▶ [PROBLEM TO WORK ON]:
In the listing below, look for "image" and copy every line that has it.

▶ [PROVIDED DATA]:
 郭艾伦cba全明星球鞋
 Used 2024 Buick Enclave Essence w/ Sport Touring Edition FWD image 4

---

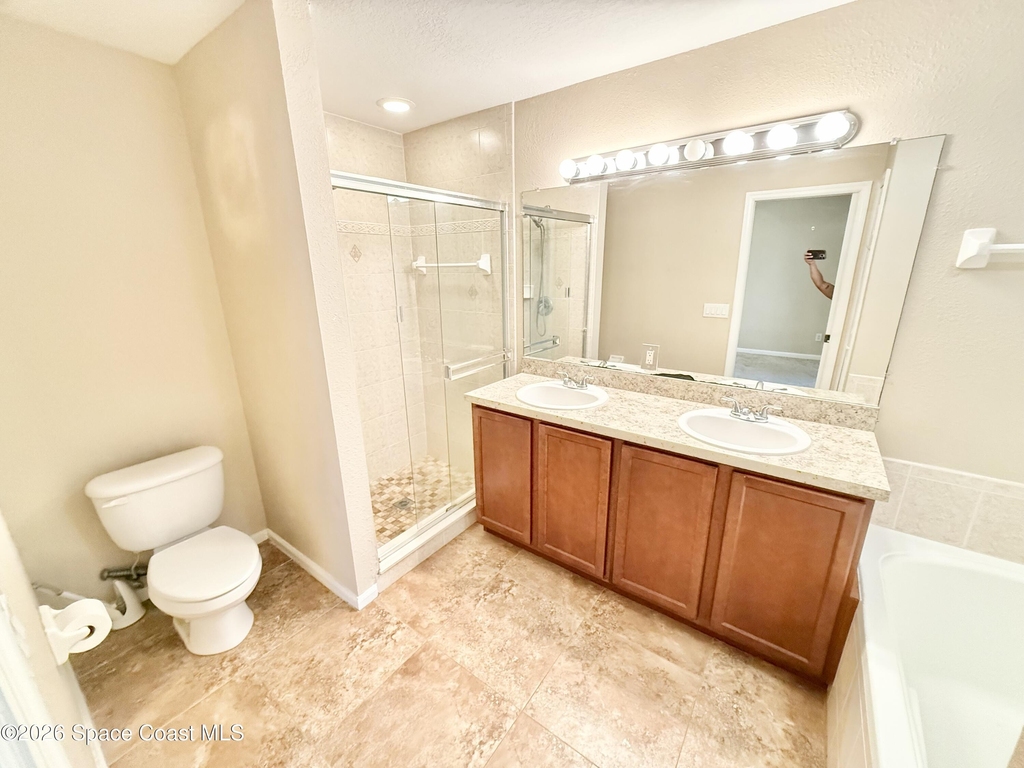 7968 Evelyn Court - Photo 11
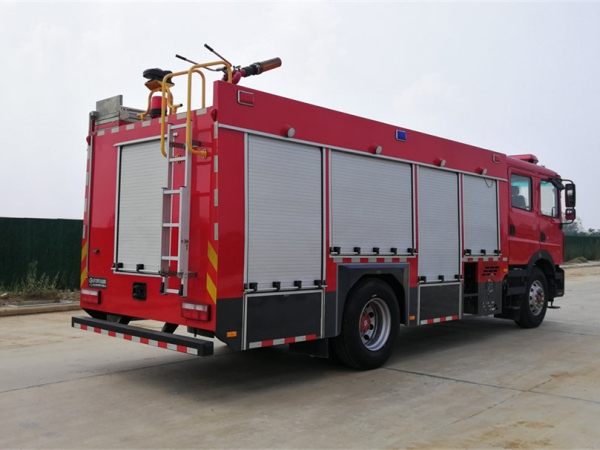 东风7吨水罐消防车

==

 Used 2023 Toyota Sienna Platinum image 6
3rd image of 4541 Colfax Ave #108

▶ [EXERCISE RESULT]:
 Used 2024 Buick Enclave Essence w/ Sport Touring Edition FWD image 4
 Used 2023 Toyota Sienna Platinum image 6
3rd image of 4541 Colfax Ave #108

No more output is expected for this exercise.